As illustrated in figure 4, to a bacterium a 2 mm deep pool of water (30 mL; 1 oz.) is like an large lake. In figure 4A, a 6 ft 6 in (2 m) tall man is standing at the foot of Mt. Kilimanjaro (19,700 ft – 6,000 m – tall). Figure 4B shows a bacterial cell (0.5 mm dia x 2 m long) “standing” at the bottom of a pool of water that is 2 mm (0.08 in) deep by 6 mm (0.24 in) wide. The relative height of Mt. Kilimanjaro’s peak over the man in figure 4A and the height of the pool of water over the bacterium in figure 4B is the same. In other words, from the perspective of microbes, traces of water that are undetectable to fuel system operators can be like large lakes to microbes; providing mini-habitats for millions of cells.

Figure 4. Scale: how 2 mm of water appears to a bacterial cell.

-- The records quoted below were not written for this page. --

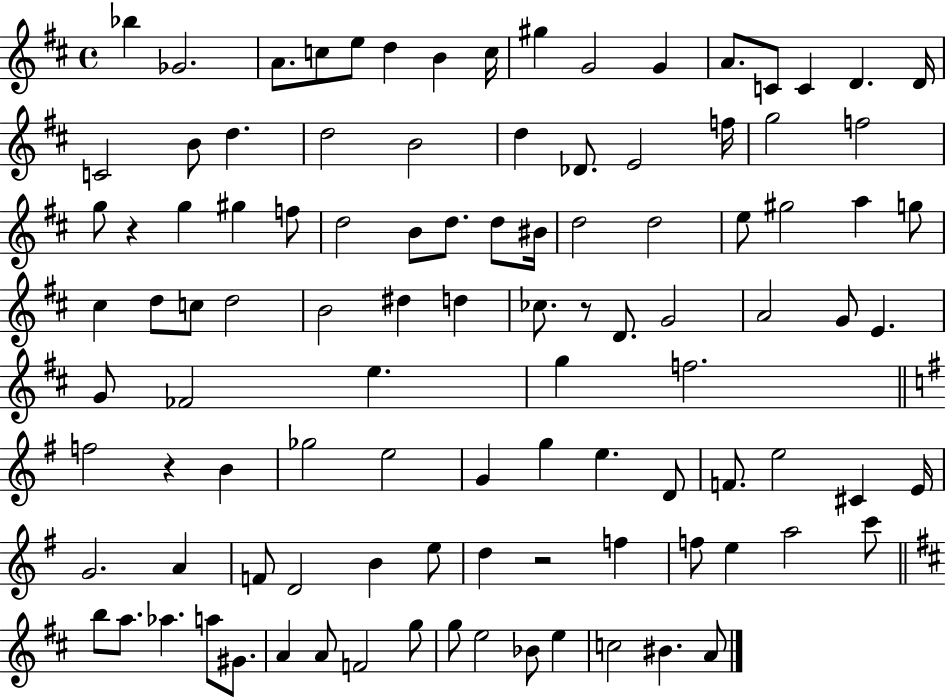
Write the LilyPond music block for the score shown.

{
  \clef treble
  \time 4/4
  \defaultTimeSignature
  \key d \major
  bes''4 ges'2. | a'8. c''8 e''8 d''4 b'4 c''16 | gis''4 g'2 g'4 | a'8. c'8 c'4 d'4. d'16 | \break c'2 b'8 d''4. | d''2 b'2 | d''4 des'8. e'2 f''16 | g''2 f''2 | \break g''8 r4 g''4 gis''4 f''8 | d''2 b'8 d''8. d''8 bis'16 | d''2 d''2 | e''8 gis''2 a''4 g''8 | \break cis''4 d''8 c''8 d''2 | b'2 dis''4 d''4 | ces''8. r8 d'8. g'2 | a'2 g'8 e'4. | \break g'8 fes'2 e''4. | g''4 f''2. | \bar "||" \break \key g \major f''2 r4 b'4 | ges''2 e''2 | g'4 g''4 e''4. d'8 | f'8. e''2 cis'4 e'16 | \break g'2. a'4 | f'8 d'2 b'4 e''8 | d''4 r2 f''4 | f''8 e''4 a''2 c'''8 | \break \bar "||" \break \key d \major b''8 a''8. aes''4. a''8 gis'8. | a'4 a'8 f'2 g''8 | g''8 e''2 bes'8 e''4 | c''2 bis'4. a'8 | \break \bar "|."
}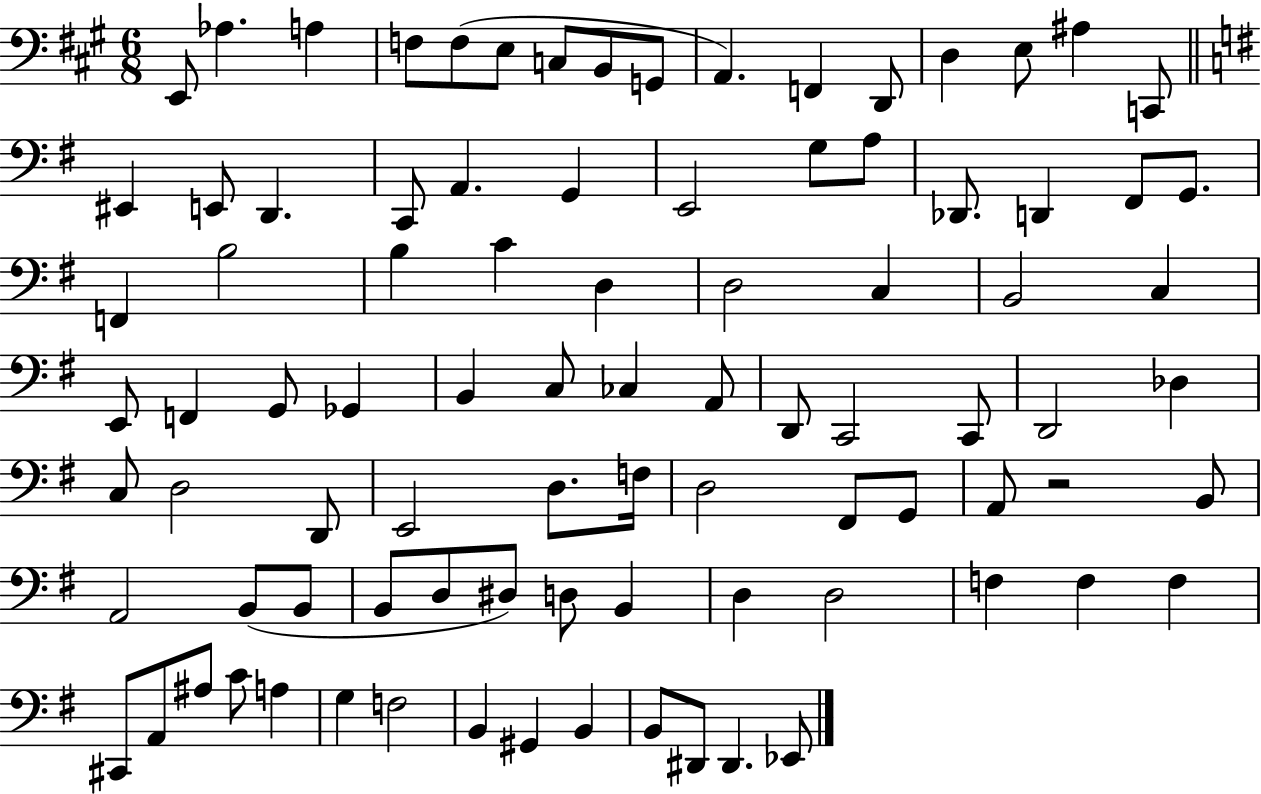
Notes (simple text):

E2/e Ab3/q. A3/q F3/e F3/e E3/e C3/e B2/e G2/e A2/q. F2/q D2/e D3/q E3/e A#3/q C2/e EIS2/q E2/e D2/q. C2/e A2/q. G2/q E2/h G3/e A3/e Db2/e. D2/q F#2/e G2/e. F2/q B3/h B3/q C4/q D3/q D3/h C3/q B2/h C3/q E2/e F2/q G2/e Gb2/q B2/q C3/e CES3/q A2/e D2/e C2/h C2/e D2/h Db3/q C3/e D3/h D2/e E2/h D3/e. F3/s D3/h F#2/e G2/e A2/e R/h B2/e A2/h B2/e B2/e B2/e D3/e D#3/e D3/e B2/q D3/q D3/h F3/q F3/q F3/q C#2/e A2/e A#3/e C4/e A3/q G3/q F3/h B2/q G#2/q B2/q B2/e D#2/e D#2/q. Eb2/e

A – a 6’6” tall man standing at the base of Mt. Kilimanjaro; B- a bacterial cell “standing” in a pool of water that is approximately 2 mm deep; the ratios between the height of Mt. Kilimanjaro and the man in A, and between the depth of the pool of water and the bacterial cell in B are the approximately the same.

Summary:

In summary, water can be present in one or more of three forms in fuel systems:

  • Dissolved
  • Dispersed
  • Free

It is much easier to prescribe keeping tanks water-free than it is to actually eliminate all water.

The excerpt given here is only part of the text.